On appeal, the Congregation asserts that its section 1985(3) claim should not have been dismissed, because it stated valid causes of action under sections 1981 and 1982. In addition, appellant argues that the district court erred in holding that its complaint failed to support a cause of action under section 1985(3) based on its federal constitutional right to interstate travel. The Congregation maintains that from its allegations in the complaint as to the location of the synagogue, the residency of the synagogue’s members, the conduct of the defendants, and the effect of that conduct on appellant, a finder of fact could conclude that the purpose and effect of defendants’ conspiracy was to deprive congregants of their right to engage in interstate travel. Finally, the Congregation disputes the district court’s conclusion that appellant did not state a section 1985(3) claim for violation of its rights under Maryland law. It asserts that state law rights are appropriate rights upon which to base violations of section 1985(3).
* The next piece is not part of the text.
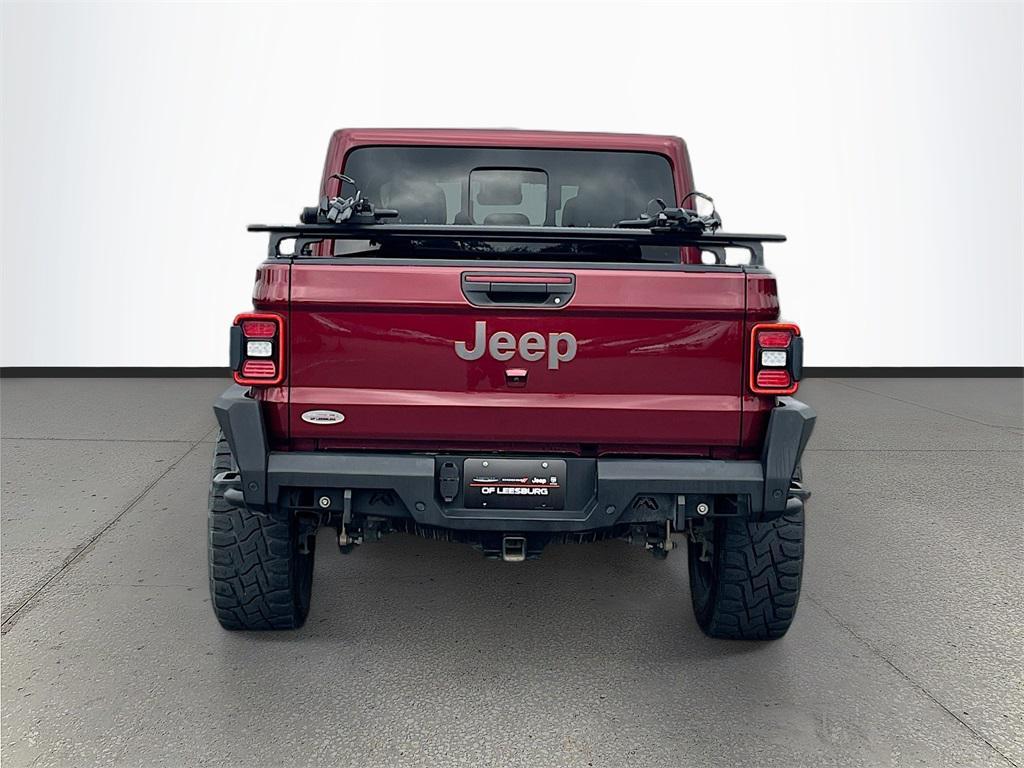 used 2021 Jeep Gladiator car, priced at $38,995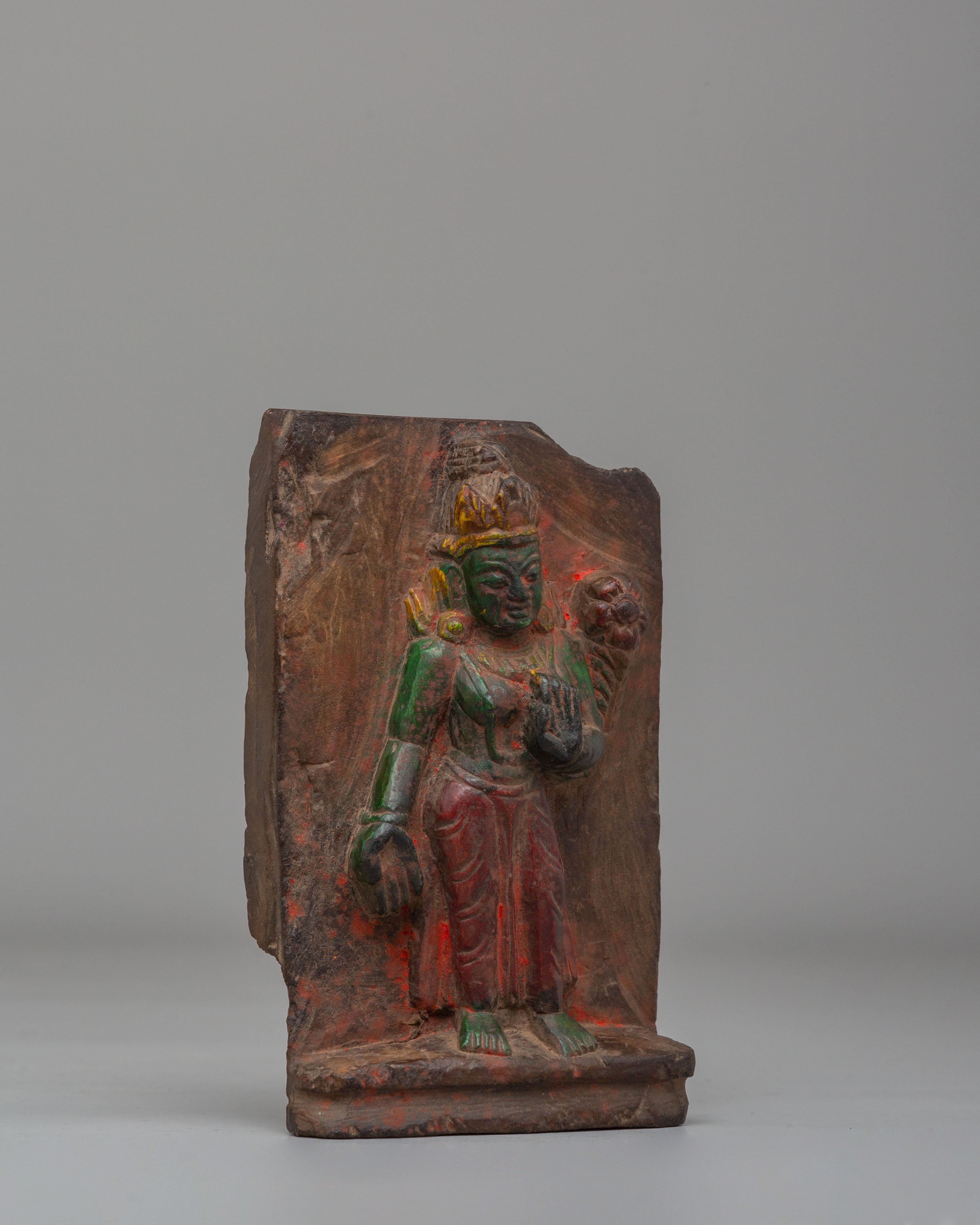 Standing Tara Deity Sculpture | Goddess of Compassion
The Congregation cannot base its section 1985(3) claim on sections 1981 and 1982, because, for the reasons discussed in the preceding sections of this opinion, it failed to state causes of action under those statutes. We reject appellant’s remaining contentions as to its section 1985(3) claim upon the reasoning of the district court. Shaare Tefila Congregation, 606 F.Supp. at 1509-10.

*528V.

For the foregoing reasons, the judgment of the district court is affirmed.

AFFIRMED.

. Defendants are private individuals who allegedly vandalized plaintiffs’ synagogue.

. Section 1985(3) provides in pertinent part, the following:

If two or more persons in any State or Territory conspire or go in disguise on the highway or on the premises of another, for the purpose of depriving, either directly or indirectly, any person or class of persons of the equal protection of the laws, or of equal privileges and immunities under the laws; ... in any case of conspiracy set forth in this section, if one or more persons engaged therein do, or cause to be done, any act in furtherance of the object of such conspiracy, whereby another is injured in his person or property, or deprived of having and exercising any right or privilege of a citizen of the United States, the party so injured or deprived may have an action for the recovery of damages occasioned by such injury or deprivation, against any one or more of the conspirators.